§ **YOUR ASSIGNMENT**
If an entry holds a picture, leave the picture out and copy the rest exactly.

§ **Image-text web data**

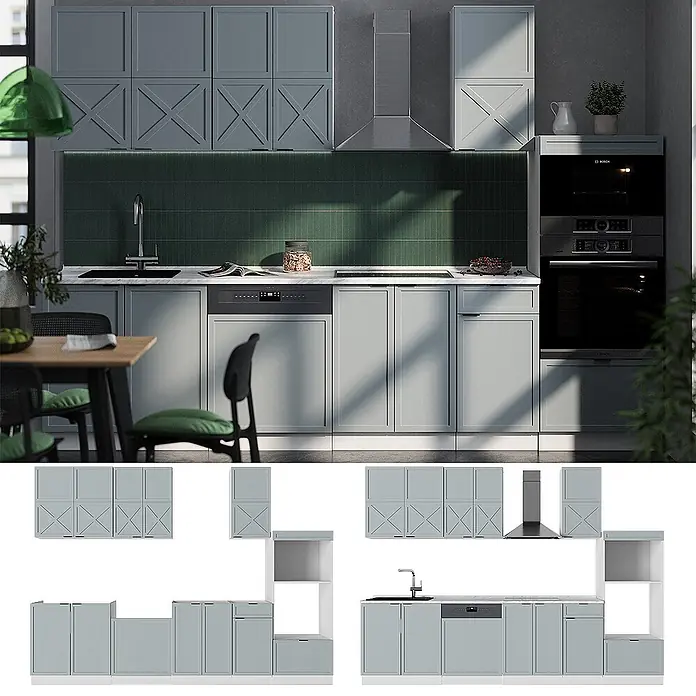 Vicco Küchenzeile Fame-Line Hellblau-grau/Weiß mit Hochschrank, ohne Arbeitsplatte - Breite: 300 cm, Hellblau-grau, Ohne Elektrogeräte - Moderne hellgraue Küche mit integrierten Geräten, weißer Arbeitsplatte und dunkelgrünem Fliesenspiegel.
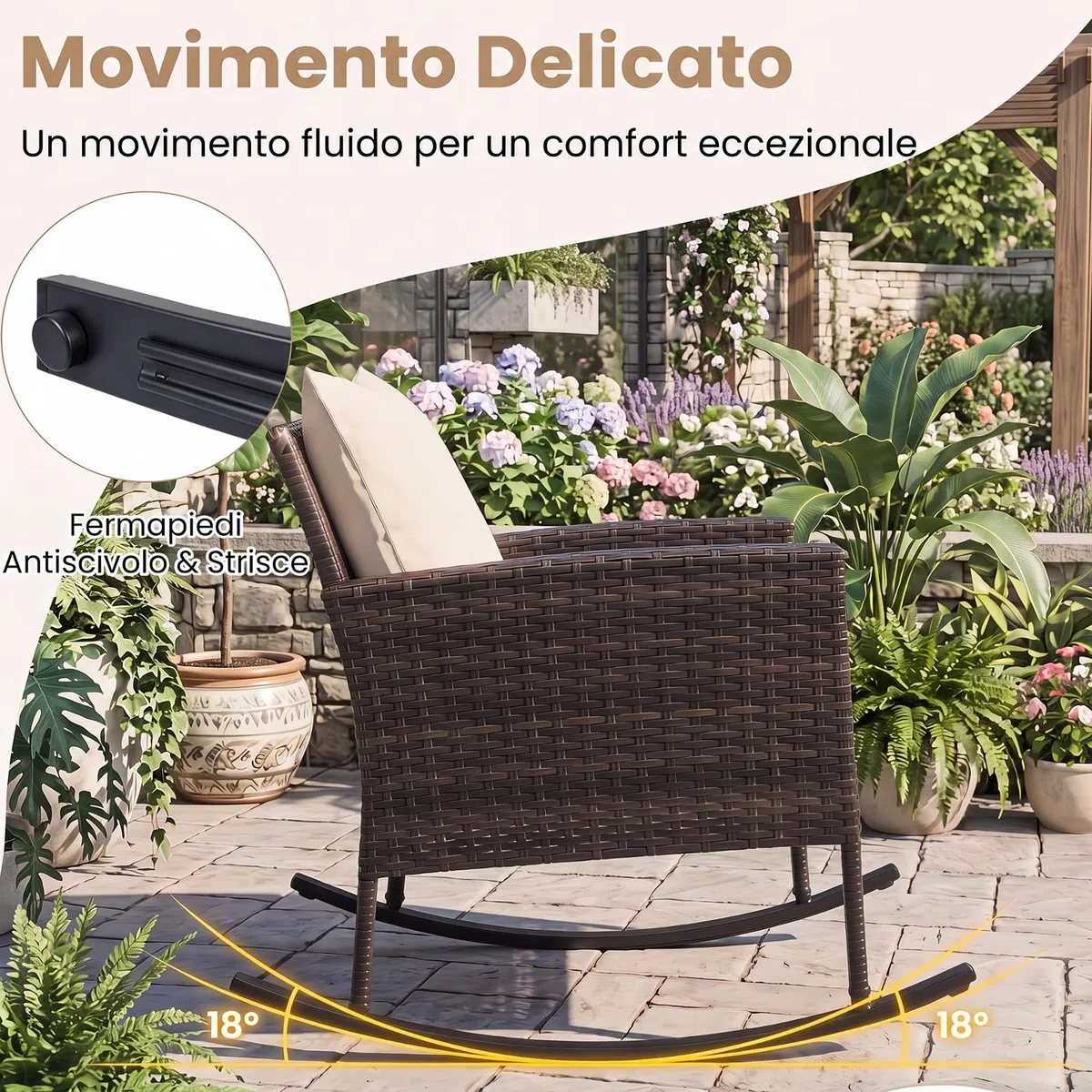 SOARS Salotto da Esterno 3 Pezzi in Rattan, Set Mobili da Giardino con 2 Poltrone a Dondolo, Tavolino da Caffè in Vetro Temperato e Comodi Cuscini con Fodera Lavabile, per Balcone, Cortile (Beige)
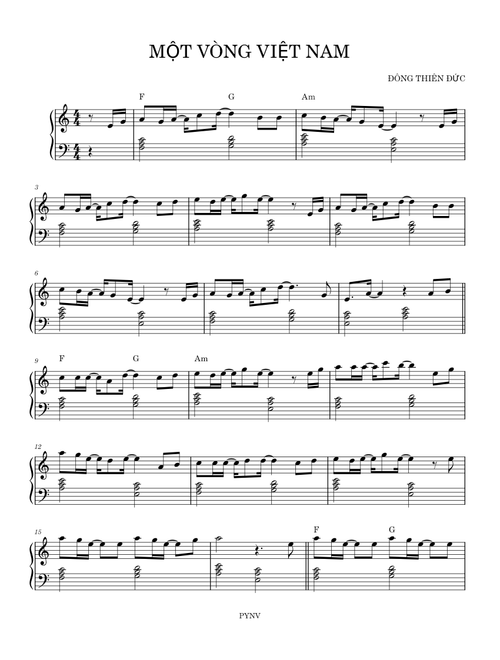 MỘT VÒNG VIỆT NAM Sheet Music For Piano || Đông Thiên Đức || Janz Music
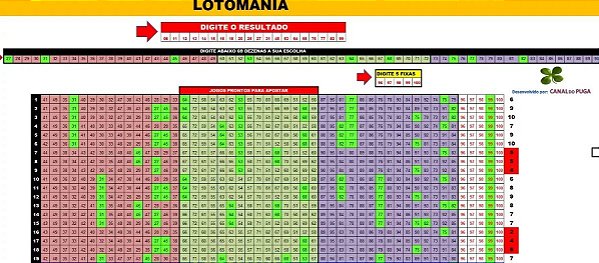 Planilha Lotomania - 74 Dezenas Com Redução Avançada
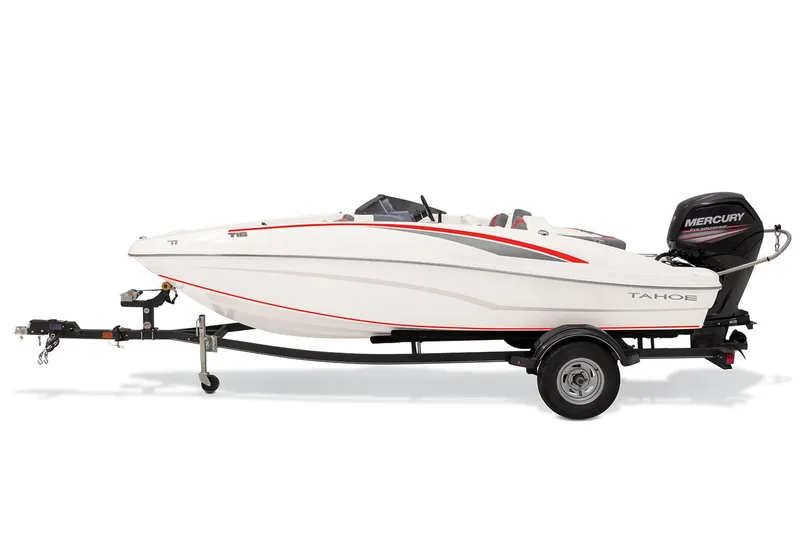 Slide: The Image of 2024 Tahoe T18 boat on trailer with Mercury outboard motor. - 5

§ **EXERCISE RESULT**
 Vicco Küchenzeile Fame-Line Hellblau-grau/Weiß mit Hochschrank, ohne Arbeitsplatte - Breite: 300 cm, Hellblau-grau, Ohne Elektrogeräte - Moderne hellgraue Küche mit integrierten Geräten, weißer Arbeitsplatte und dunkelgrünem Fliesenspiegel.
 SOARS Salotto da Esterno 3 Pezzi in Rattan, Set Mobili da Giardino con 2 Poltrone a Dondolo, Tavolino da Caffè in Vetro Temperato e Comodi Cuscini con Fodera Lavabile, per Balcone, Cortile (Beige)
 MỘT VÒNG VIỆT NAM Sheet Music For Piano || Đông Thiên Đức || Janz Music
 Planilha Lotomania - 74 Dezenas Com Redução Avançada
 Slide: The Image of 2024 Tahoe T18 boat on trailer with Mercury outboard motor. - 5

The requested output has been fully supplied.